It is a heavy car. I never used winter tires until I went through 2 winters on all seasons in my RWD Model S (yes I am a slow learner). I experienced various unpleasant driving situations with traction loss on icy surfaces (even just driving in a straight line at modest speeds and the car could start to slide a bit). As a result, I now keep an extra set of winter tires/rims which I swap in from Mid November to Mid March. They also provide better stopping in cold dry pavement conditions than all seasons. I've had no problems since.
 
The Porsche 911, with a heavy rear weight bias, was well known for "trailing throttle oversteer", which is just losing traction at the rear due to lifting the gas pedal too abruptly. Certainly a problem on ice, but also in the middle of a corner if you're at the limit. The solution is to only release the throttle up to the point where the car would maintain a constant velocity, or a little farther if conditions allow. That is not all the way off the throttle. You have to keep the engine spinning and make up for drivetrain losses or else you are slowing down and making the tires work a bit harder.

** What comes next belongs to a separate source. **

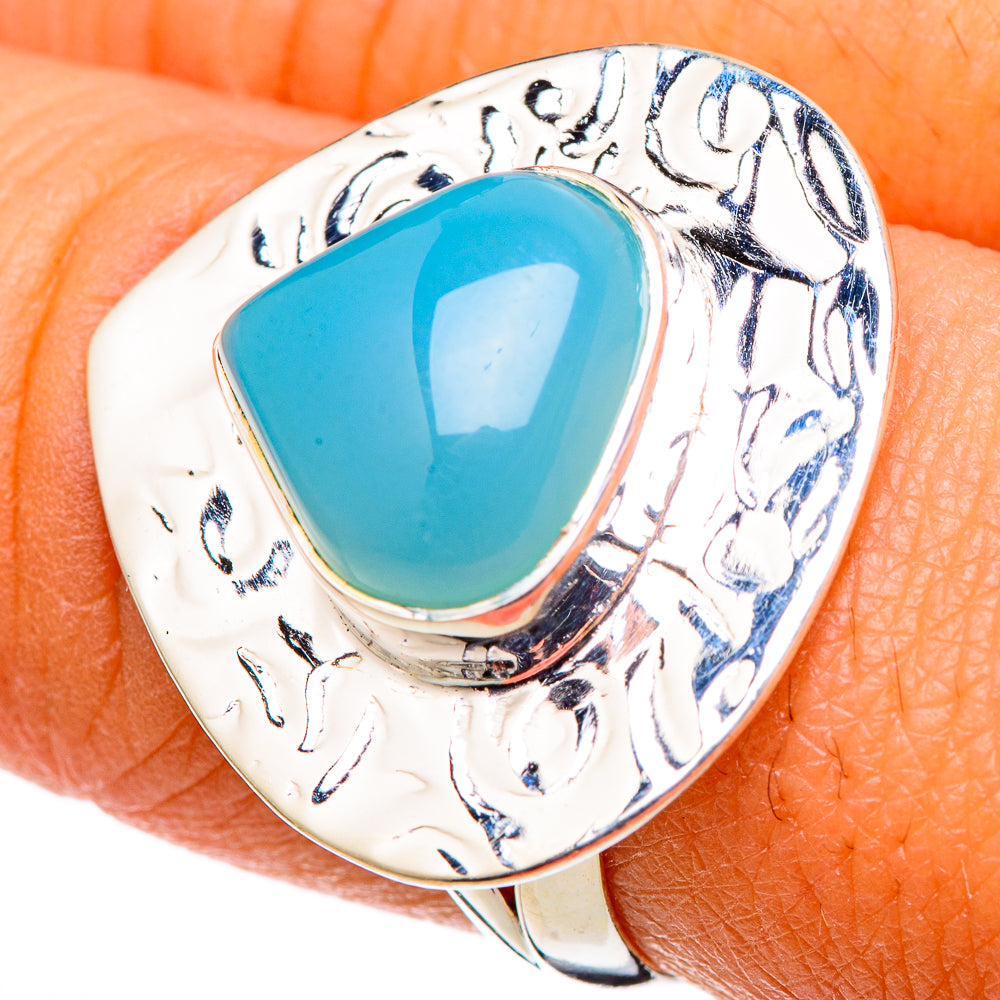 Aqua Chalcedony Rings handcrafted by Ana Silver Co - RING105360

In a Tesla that means finding the acceleration/regen boundary on the go pedal when the car is losing traction, and then carefully using more regen as conditions/traction control allow.

Driven manually at higher RPM's ICE cars can have as much engine braking as a Tesla has regen braking. In fact, I had my 924 Porsche out on a track once when my brakes faded badly (change your brake fluid!). I did the last few laps using pretty close to engine braking only, but without losing too much time. Tesla's regen is far from unique with respect to car dynamics.